Researchers at the University of Montreal and its affiliated CHU Sainte Justine Research Centre have conducted the first ever study looking into the effects of household smoking on children's later weight gain.
"We suspect the statistics we've established linking childhood obesity to exposure to parents' smoking may underestimate the effect due to parents under reporting the amount they smoked out of shame," said Professor Linda Pagani, who led the study.
"This prospective association is almost as large as the influence of smoking while pregnant," Pagani said.
Pagani and her team used data collected through the Quebec Longitudinal Study of Child Development, a vast survey of children born across the province in which parents and teachers contributed an array of information about the child's development, wellbeing, lifestyle, social environment and behaviour.
While the increase in BMI may not seem like much, it occurs during a critical period of the child's development known as the "adiposity rebound period." The weight gain could therefore have serious long-lasting effects.

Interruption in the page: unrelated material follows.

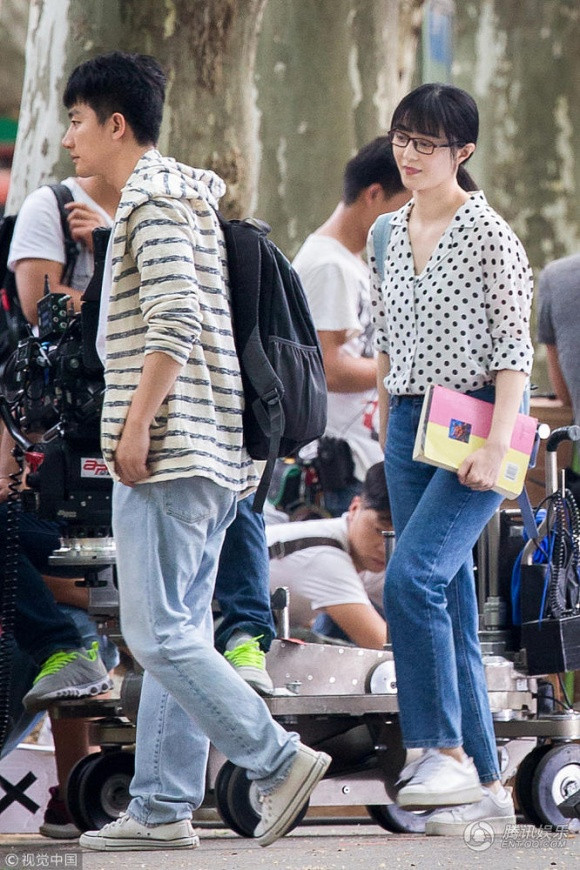 Trong ảnh có thể thấy, kiều nữ họ Phạm mặc áo sơ mi chấm bi kết hợp với quần jeans. Cô nàng để mặt mộc, đeo kính và cột tóc giản dị ở phía sau.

Pagani has several explanations as to why there may be a cause and effect relationship in the association she has identified.

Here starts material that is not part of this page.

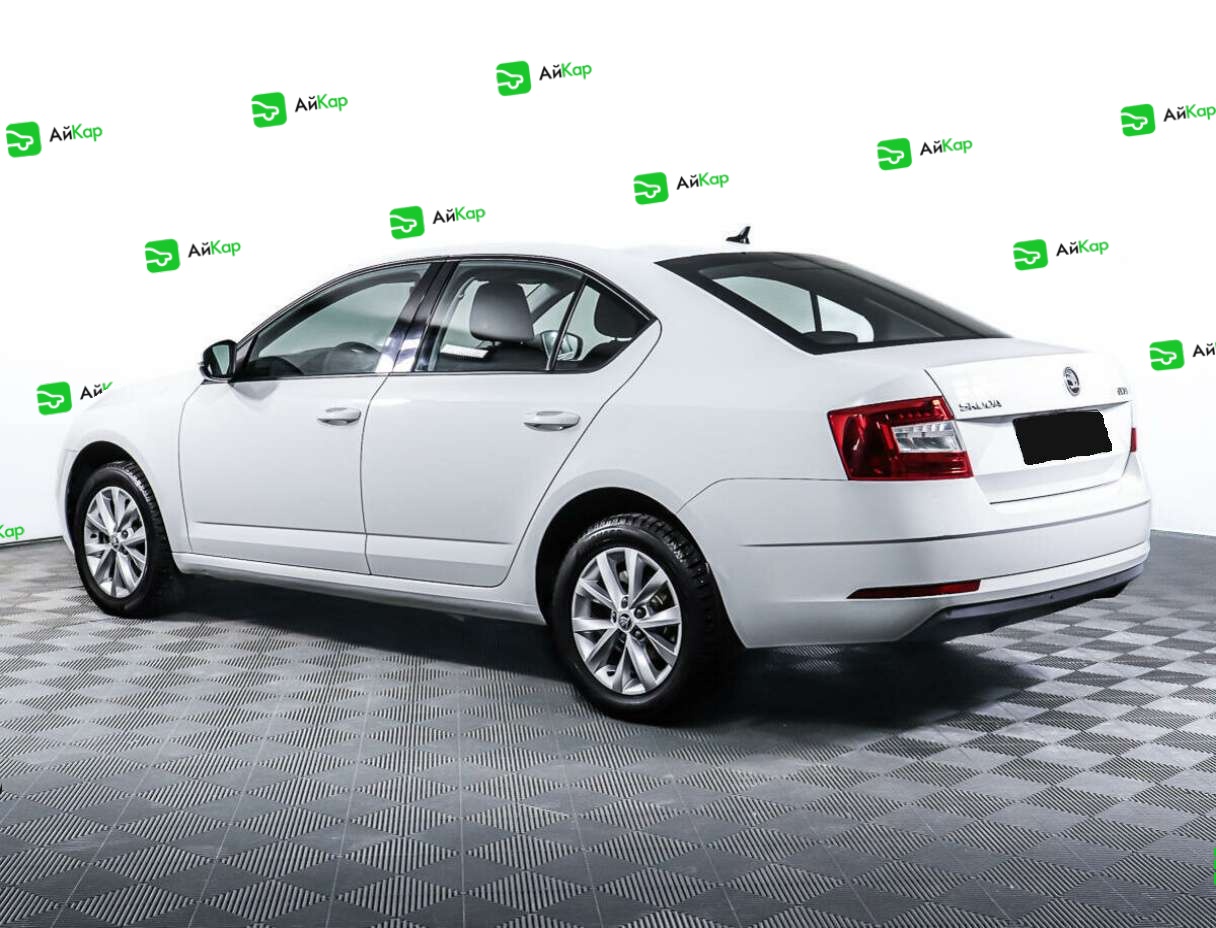 Skoda Octavia с пробегом — 2018 год. Фото: #6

"Early childhood exposure to second hand smoke could be influencing endocrine imbalances and altering neurodevelopmental functioning at this critical period in hypothalamic development, thus damaging vital systems which undergo important postnatal growth and development until middle childhood, ie the period that we've looked at in this study," she said.
"For example, young children have ventilation needs per kilogramme of body weight that are approximately 2 to 3 times higher than adults due to their immature vital systems, resulting in more noxious effects given equal levels of household smoke exposure compared to adults.
"In any event, our findings emphasise the importance public health initiatives and parental sensitisation aimed at domestic exposure reductions during the critical early childhood years," Pagani said.